My experience is that R more often has advanced statistical packages you might want, but Python (particularly pandas) can be much faster. R's ggplot is also way better than anything in the Python ecosystem.

IPython's notebook actually makes it very easy to go back and forth between R and Python: http://nbviewer.ipython.org/github/ipython/ipython/blob/3607...

I actually use this pretty routinely so I can do my data-analysis in Python and my plotting using R's ggplot. It's a little awkward, but it works.

Fomite · on April 2, 2014

It really depends on what you want to do. For a lot of machine learning tasks and bread-and-butter statistical tools, you can get away with it. For a lot of more advanced statistics, it's going to be much, much harder.

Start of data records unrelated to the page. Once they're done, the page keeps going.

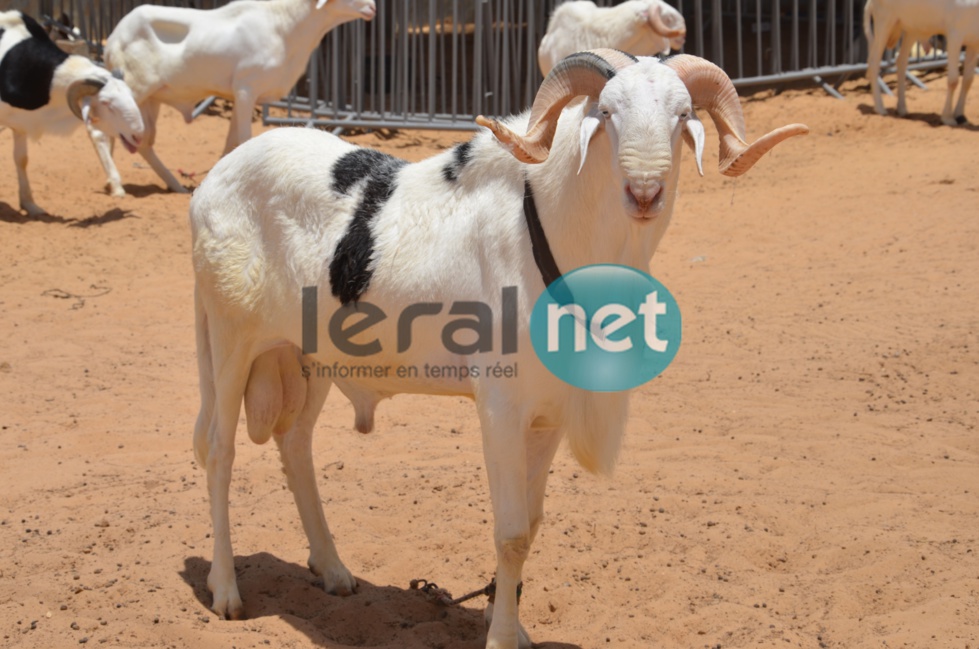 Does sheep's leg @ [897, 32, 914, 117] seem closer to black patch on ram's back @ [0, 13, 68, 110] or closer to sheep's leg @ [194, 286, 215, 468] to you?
black patch on ram's back @ [0, 13, 68, 110]

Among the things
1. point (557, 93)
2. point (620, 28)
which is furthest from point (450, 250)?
point (620, 28)

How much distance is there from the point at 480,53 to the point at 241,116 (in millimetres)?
4439

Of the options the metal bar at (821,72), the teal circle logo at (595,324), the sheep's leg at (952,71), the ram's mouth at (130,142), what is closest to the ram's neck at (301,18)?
the ram's mouth at (130,142)

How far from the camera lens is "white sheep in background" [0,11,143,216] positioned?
11594 millimetres

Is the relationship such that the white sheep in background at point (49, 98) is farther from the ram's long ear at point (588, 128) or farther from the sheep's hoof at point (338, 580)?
the ram's long ear at point (588, 128)

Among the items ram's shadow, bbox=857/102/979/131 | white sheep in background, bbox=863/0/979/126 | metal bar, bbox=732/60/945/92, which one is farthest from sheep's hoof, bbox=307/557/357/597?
metal bar, bbox=732/60/945/92

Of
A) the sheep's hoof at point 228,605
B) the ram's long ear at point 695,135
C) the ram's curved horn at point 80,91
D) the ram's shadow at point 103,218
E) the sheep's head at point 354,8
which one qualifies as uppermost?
the sheep's head at point 354,8

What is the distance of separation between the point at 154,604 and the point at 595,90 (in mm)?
2891

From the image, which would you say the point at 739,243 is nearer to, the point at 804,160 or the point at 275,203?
the point at 804,160

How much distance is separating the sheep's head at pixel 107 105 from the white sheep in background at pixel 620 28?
485 cm

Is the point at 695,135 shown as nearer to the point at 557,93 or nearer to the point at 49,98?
the point at 557,93

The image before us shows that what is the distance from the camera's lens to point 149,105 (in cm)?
1289

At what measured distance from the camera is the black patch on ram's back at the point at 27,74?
37.9ft

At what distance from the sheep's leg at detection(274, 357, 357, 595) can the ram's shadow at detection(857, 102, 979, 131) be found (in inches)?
413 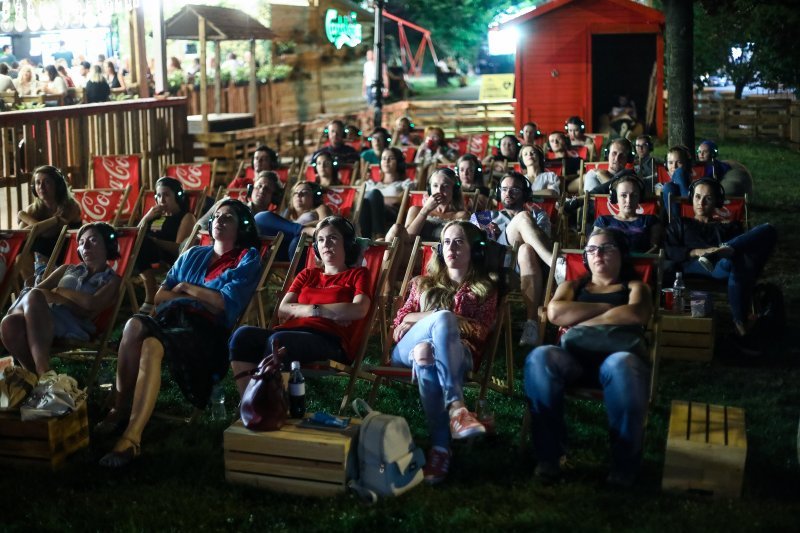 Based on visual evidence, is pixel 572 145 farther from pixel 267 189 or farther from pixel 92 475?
pixel 92 475

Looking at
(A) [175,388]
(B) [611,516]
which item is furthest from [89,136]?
(B) [611,516]

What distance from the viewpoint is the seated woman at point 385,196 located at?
9602 mm

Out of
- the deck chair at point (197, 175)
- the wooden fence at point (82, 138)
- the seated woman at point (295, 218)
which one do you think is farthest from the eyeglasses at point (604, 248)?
the wooden fence at point (82, 138)

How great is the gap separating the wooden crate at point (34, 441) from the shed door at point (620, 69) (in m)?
19.5

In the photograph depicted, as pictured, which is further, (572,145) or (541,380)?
(572,145)

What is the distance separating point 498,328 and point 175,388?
2.05 meters

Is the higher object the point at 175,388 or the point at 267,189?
the point at 267,189

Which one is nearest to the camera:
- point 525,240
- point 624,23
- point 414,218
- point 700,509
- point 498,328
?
point 700,509

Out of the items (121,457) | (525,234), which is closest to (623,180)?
(525,234)

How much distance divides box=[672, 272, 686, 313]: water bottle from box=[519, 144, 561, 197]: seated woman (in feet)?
9.00

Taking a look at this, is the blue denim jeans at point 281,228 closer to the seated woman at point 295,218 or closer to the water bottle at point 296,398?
the seated woman at point 295,218

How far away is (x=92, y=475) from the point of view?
521 centimetres

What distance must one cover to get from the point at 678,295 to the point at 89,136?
26.8 feet

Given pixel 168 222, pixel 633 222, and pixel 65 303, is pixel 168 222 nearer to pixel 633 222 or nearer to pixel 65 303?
pixel 65 303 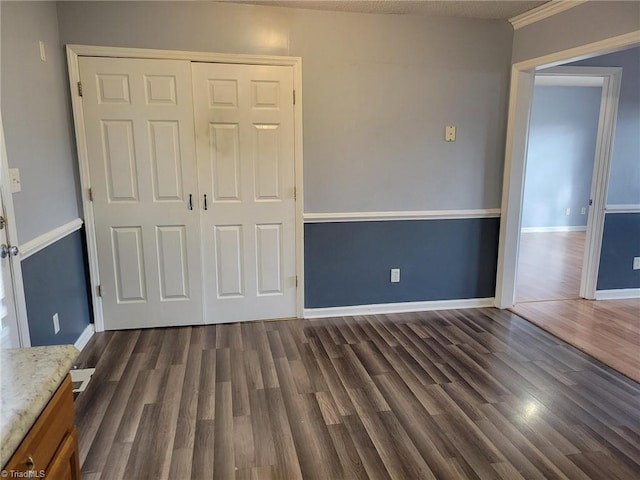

It's also a question of reliability - Python might have what you need, but if it's a statistical problem, R is much much more likely to have it.

AdrianRossouw · on April 3, 2014

I don't have much of a background in maths or statistics, but from my experiences mucking about with R... I know that python is going to be a hell of a lot more accessible to me as a programmer.

catwork · on April 3, 2014

The fact that you are a programmer is exactly the reason R feels funny. Its predecessor (S) was originally just supposed to be an interactive interface for some Fortran libraries. It turned out to be useful to folks doing mathematical applications and grew into a language.

Most introductions to R don't cover it in the same way other languages do. I found http://adv-r.had.co.nz/ to be very helpful for clarifying matters in a manner that is more familiar to programmers.

marrone12 · on April 2, 2014

R is really kind of a frustrating and inconsistent language, but the wealth of obscure packages plus plyr/dplyr make it an ease to just get stuff done.

craigching · on April 2, 2014

Wow, this is a really nice resource, especially for someone like me just getting started. The PDFs appear, at first glance, to be quite in-depth. Wondering if they include using tools like plyr/dplyr.

austinl · on April 3, 2014

This is definitely a good starting resource. Some of the tutorials on R can a bit too "academic" for some tastes, so its helpful to have a guide on working with specific data sets.